▸ EXERCISE DIRECTIONS: Transcribe exactly, please, the lines from the one containing "Shenzhen-Nanshan-Cozy Home,Clean&Comfy,No Gender" through the end of the records below, and leave out the pictures.

▸ THE RECORDS:
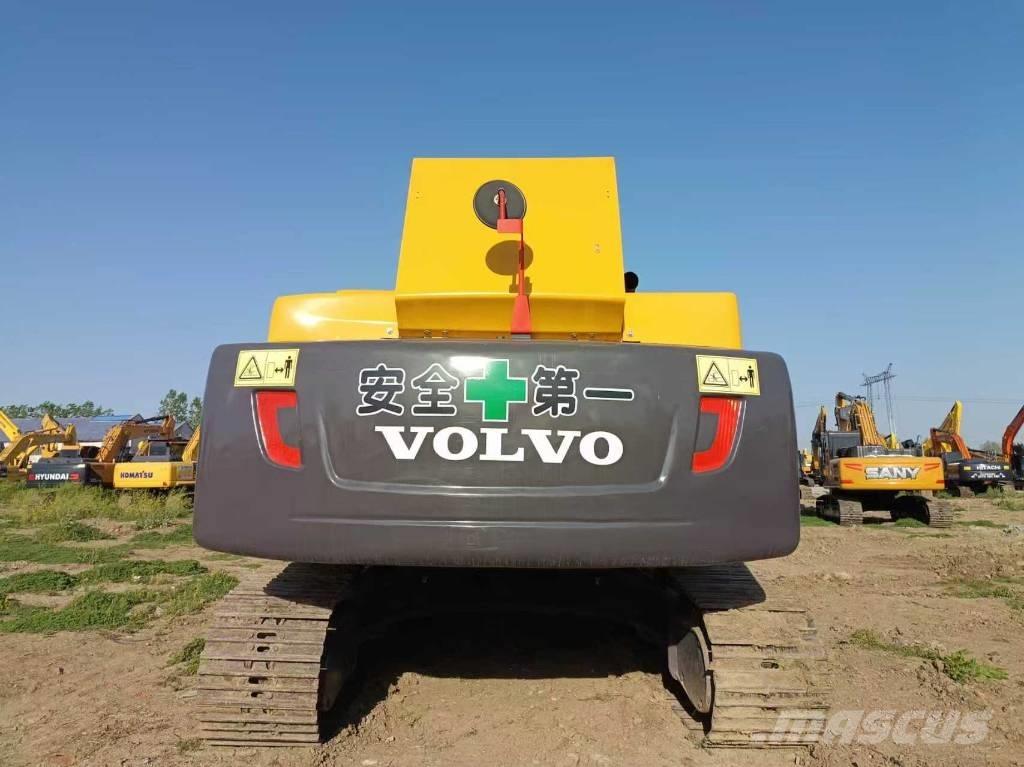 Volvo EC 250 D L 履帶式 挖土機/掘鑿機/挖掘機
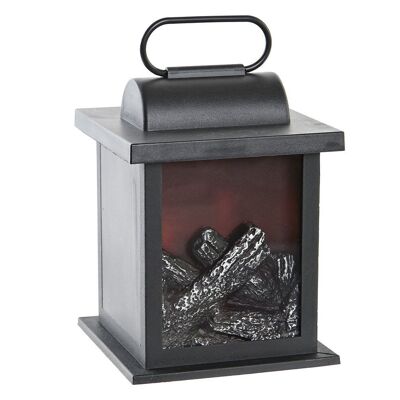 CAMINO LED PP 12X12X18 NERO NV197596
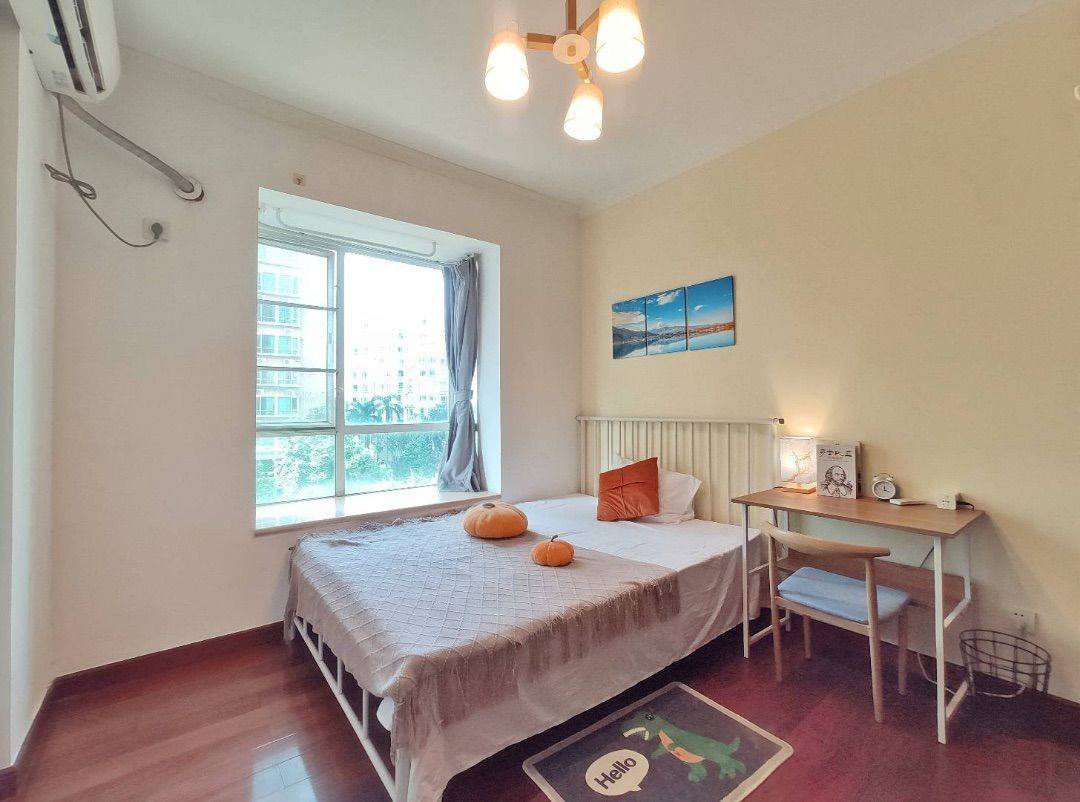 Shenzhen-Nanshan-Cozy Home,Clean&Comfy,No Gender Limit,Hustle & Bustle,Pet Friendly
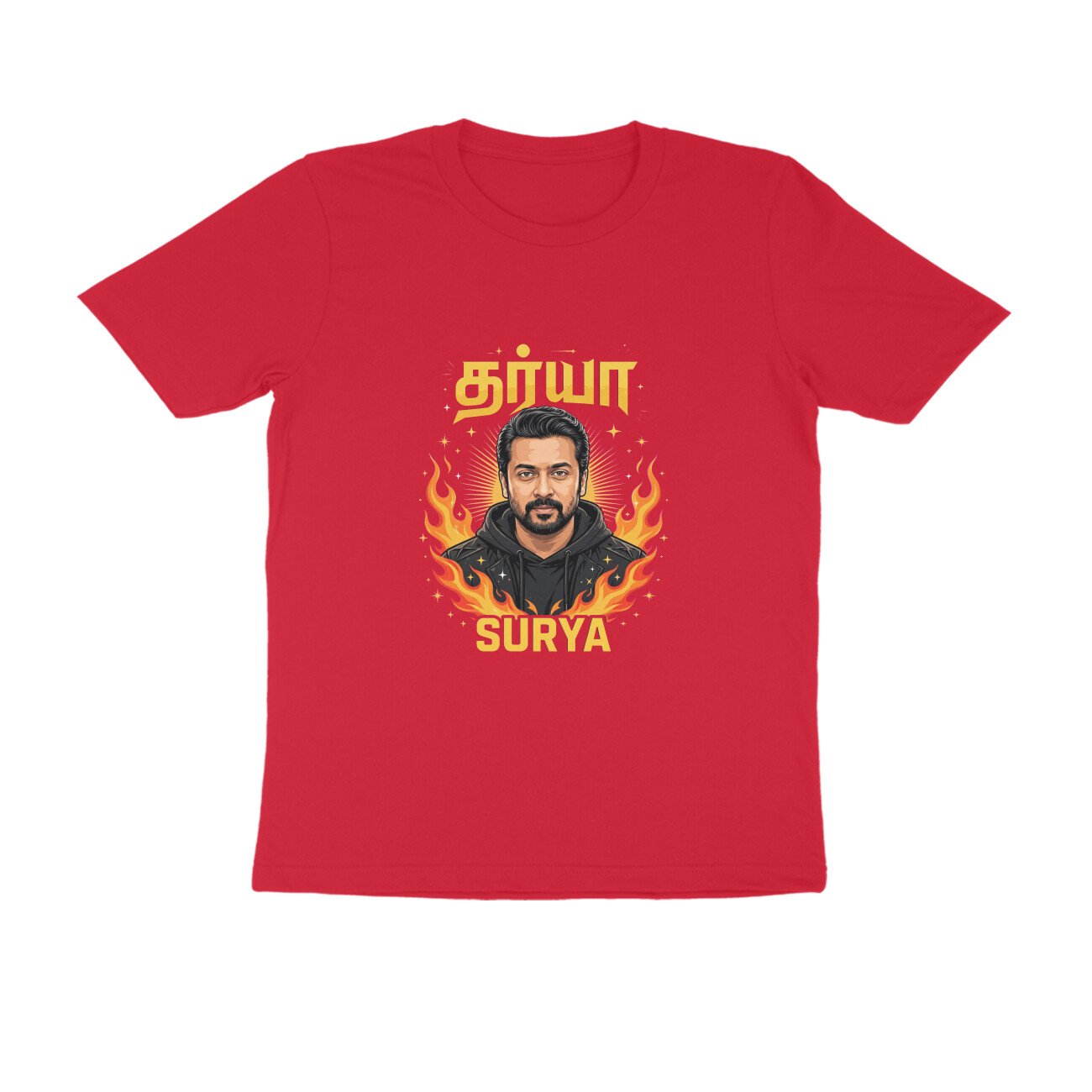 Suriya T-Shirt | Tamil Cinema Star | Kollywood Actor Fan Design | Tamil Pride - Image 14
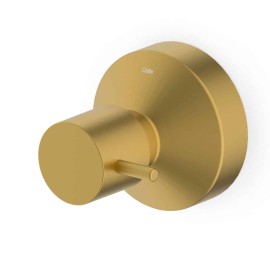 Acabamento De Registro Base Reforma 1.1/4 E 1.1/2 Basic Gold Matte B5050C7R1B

▸ WRITTEN ANSWER:
 Shenzhen-Nanshan-Cozy Home,Clean&Comfy,No Gender Limit,Hustle & Bustle,Pet Friendly
 Suriya T-Shirt | Tamil Cinema Star | Kollywood Actor Fan Design | Tamil Pride - Image 14
 Acabamento De Registro Base Reforma 1.1/4 E 1.1/2 Basic Gold Matte B5050C7R1B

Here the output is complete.